Ironically, Morgan Stanley gave Apple a buy rating on Earth Day because of a significant uptick in Chinese air pollution.
On a day when much of the world was celebrating Earth Day, Apple (NASDAQ:AAPL) investors should be rejoicing at the sudden deterioration in China’s air quality.
According to Morgan Stanley, the massive smog clouds engulfing the country is a bullish sign that Apple’s factories are humming again as China’s post-coronavirus recovery begins.
If Chinese industrial production is a bellwether for Apple’s performance, then now is the time to start loading up on AAPL shares, according to Morgan Stanley.
On Wednesday, the U.S. investment bank issued a buy rating for Apple stock on the premise that Chinese factors are ramping up again.
As CNBC reports, the bank monitors nitrogen dioxide levels in China’s air quality and considers it to be a first-level indicator of factory output.
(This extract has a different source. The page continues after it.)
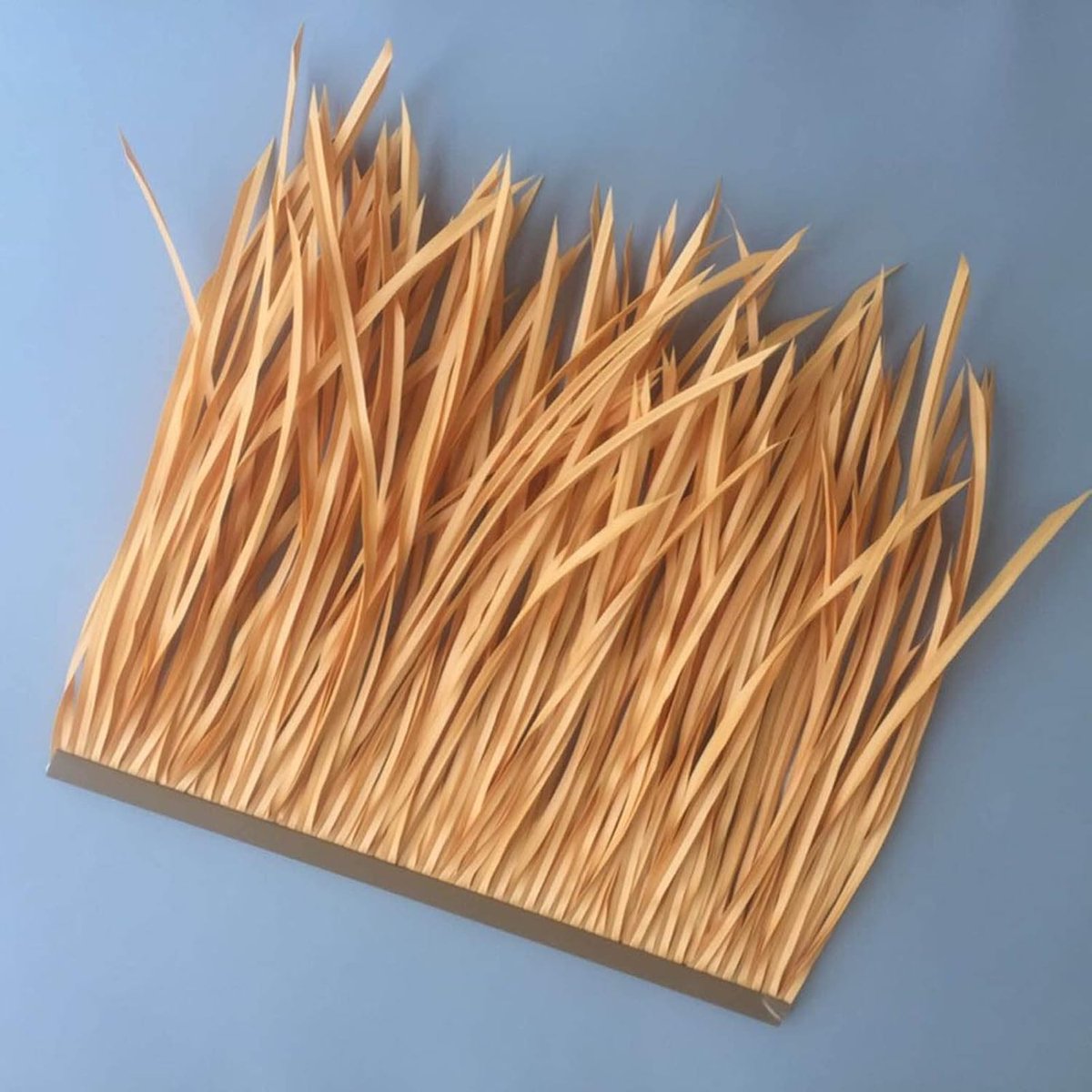 Kunststof Rietdak - Dakbedekking Panne - Decoratief Gebruik - Weerbestendig Duurzaam - 10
In a note to clients, equity analyst Katy Huberty said:
Air quality data from 4 major Chinese manufacturing locations suggests that device production remains above seasonal levels which combined with build forecasts that are above our forecast point to potential for better than expected F3Q guidance
Based on nitrogen dioxide levels, Chinese industrial production is back above average, according to Morgan Stanley, which puts Apple on track to exceed its second-quarter guidance for 32.9 million iPhone shipments. If production ramps up as expected, the iPhone maker could be on pace to exceed third-quarter guidance as well.
To say that Apple’s performance is tied to China would be an understatement. With a dozen Foxconn factories in the country, Apple was one of the first companies impacted by the coronavirus pandemic as it spread rapidly from its Wuhan epicenter.
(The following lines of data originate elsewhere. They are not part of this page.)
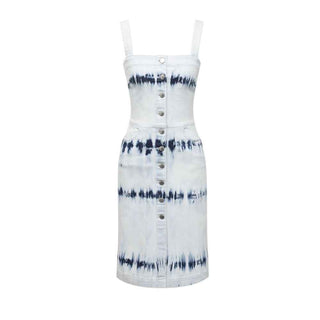 Stella McCartney Blue Polyester Casual Dress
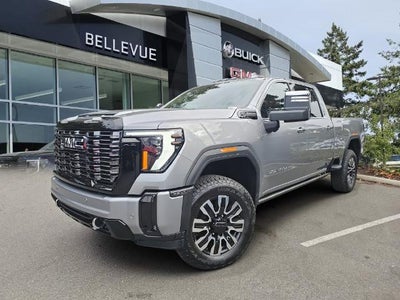 2026 GMC Sierra 2500 HD Denali Ultimate
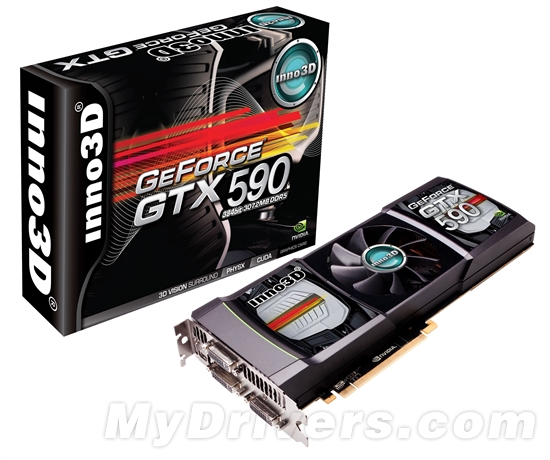 ˫оս GeForce GTX 590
Long sensitive to supply disruptions in China, Apple warned in February that the coronavirus would derail its short-term outlook. As Beijing tried to contain the novel disease, Apple slashed its sales expectations for the quarter and warned of a sharp drop in demand.
The Chinese economy suffered a dramatic collapse in the first quarter as a nationwide lockdown obliterated factory production, consumer spending, and asset investment. Industrial output in January-February collapsed 13.5% annually, the most significant drop in 30 years.
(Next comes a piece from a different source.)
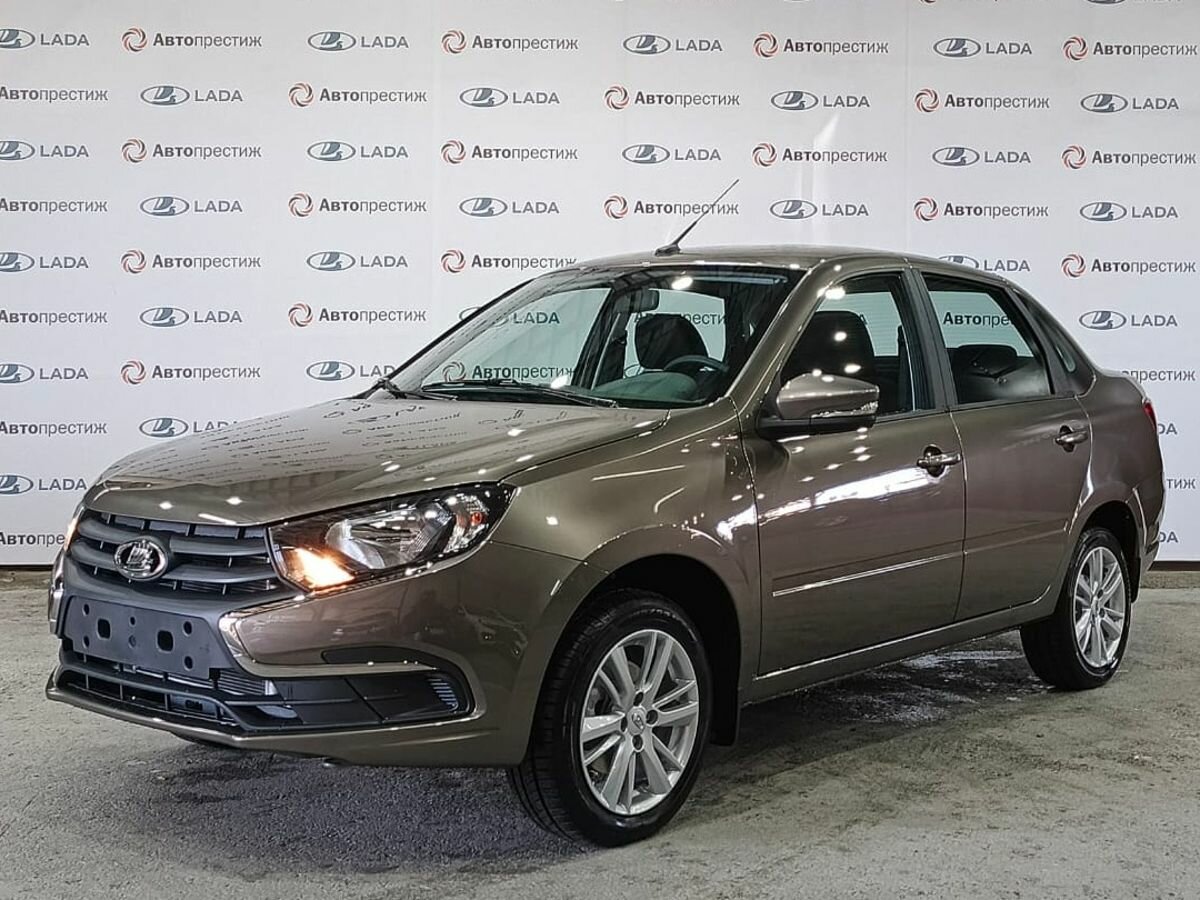 Открыть фотографии: Lada (ВАЗ) Granta I Рестайлинг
China would go on to record its first-ever contraction in quarterly GDP since Bejing began releasing the data set in 1992.
The International Monetary Fund expects China’s economy to grow just 1.2% in 2020 before rebounding in 2021. Even with the IMF’s projected 9.2% rebound in 2021, China will need a few years to recoup this year’s losses.
Apple’s share price rallied sharply on Wednesday, reflecting broad gains in the Dow Jones Industrial Average.
At its peak, AAPL traded at $277.58 for an increase of 3.4%. It settled up 2.9% at $276.10.
Despite its rally, Apple’s stock remains more than 16% off its February peak when it closed as high as $327.85.
Following back-to-back sharp declines, the Dow 30 index rose 456.94 points, or 2%, to 23,475.82. The S&P 500 Index climbed 2.3% to close at 2,799.31. The technology-focused Nasdaq Composite Index advanced 2.8% to 8,495.38.
Disclaimer: The opinions expressed in this article do not necessarily reflect the views of CCN.com and should not be considered investment advice from CCN.com. The author holds no investment position in the above securities.